In what sense is the sequence $(0,1,2,0,1,2,\ldots)$ convergent? In what sense is the sequence $(0,1,2,0,1,2,\ldots)$ convergent?
A problem I'm working on needs a concept of convergence which understands the fact that this sequence extended infinitely is convergent - at least in the sense that it is stable and orbits a fixed point.
The name may not be "convergence".
I can of course engineer something but I presume there is some accepted terminology I can use.
For example I want to describe that:
$$\lim_{n\to\infty}\left((1-2^{-n})+ (n\mod3)\right)$$ converges upon an orbit centred on the number $2$
 A: I would not use the word "convergent" in any sense!  This sequence is "periodic" with period 3.
A: You can take the already defined Cesàro summability, and sort of modify it to fit your needs. Let $(a_n)_{n=1}^\infty$ be your sequence. We can define a sequence to be Cesàro convergent if and only if
$$ \lim_{n\to \infty} \frac{1}{n}\sum_{i=1}^n a_i \in \mathbb R$$
That is, if the limit above exists, the sequence is Cesàro convergent. 
Notice, in your case, the limit above converges to $1$, since that is the average value of your sequence.
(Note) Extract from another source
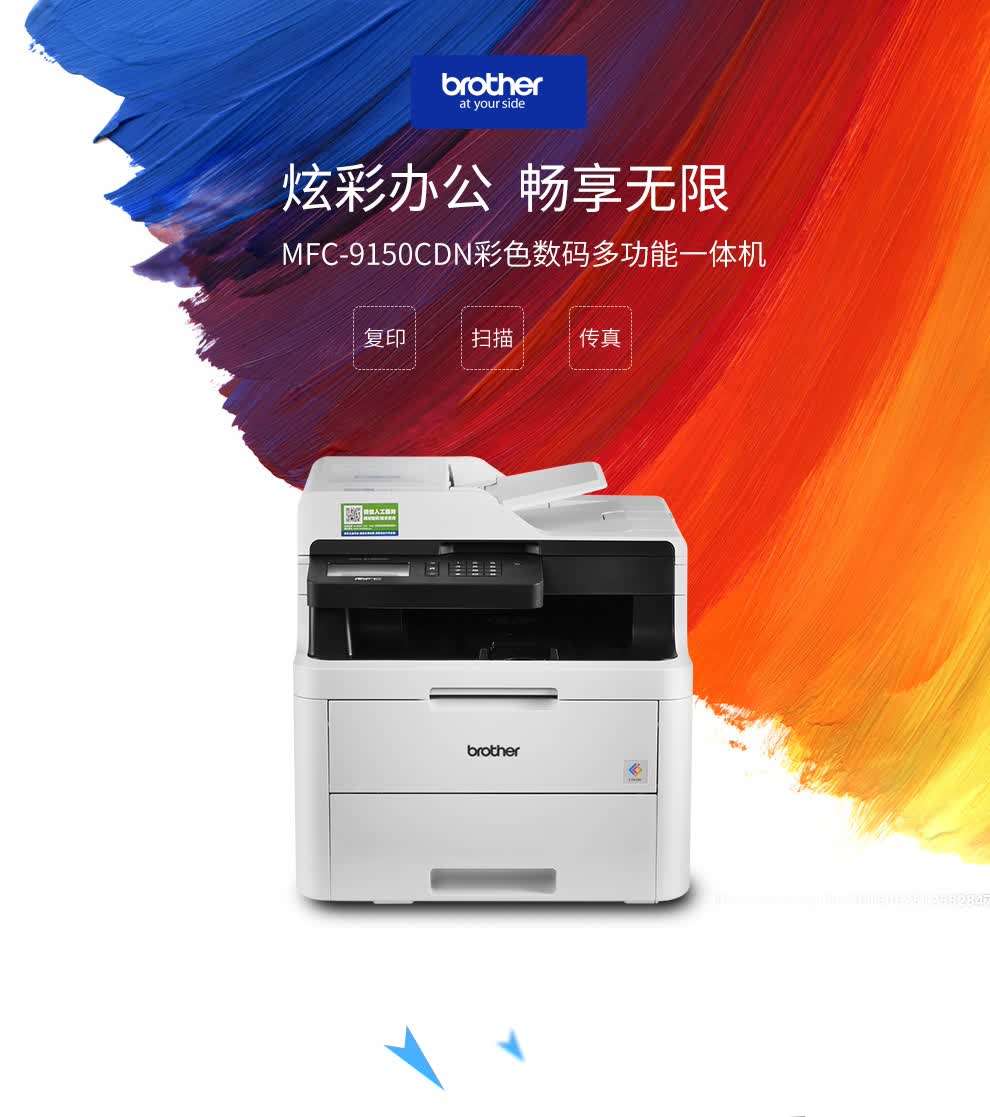 兄弟(brother)mfc-9150cdn彩色激光打印机有线网络复印扫描传真数码多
So, in this sense, the sequence is "Cesàro convergent around 1".
A: The set of "accumulation points" (sometimes "cluster points") of the first sequence is $\{0,1,2\}$ and that set for the second sequence is $\{1,2,3\}$. This is because every neighborhood of one of the numbers, say $1$, has infinitely many sequence entries in that neighborhood.
This idea of the accumulation points is closely related to other ideas of "limit set" like attractors and limit cycles.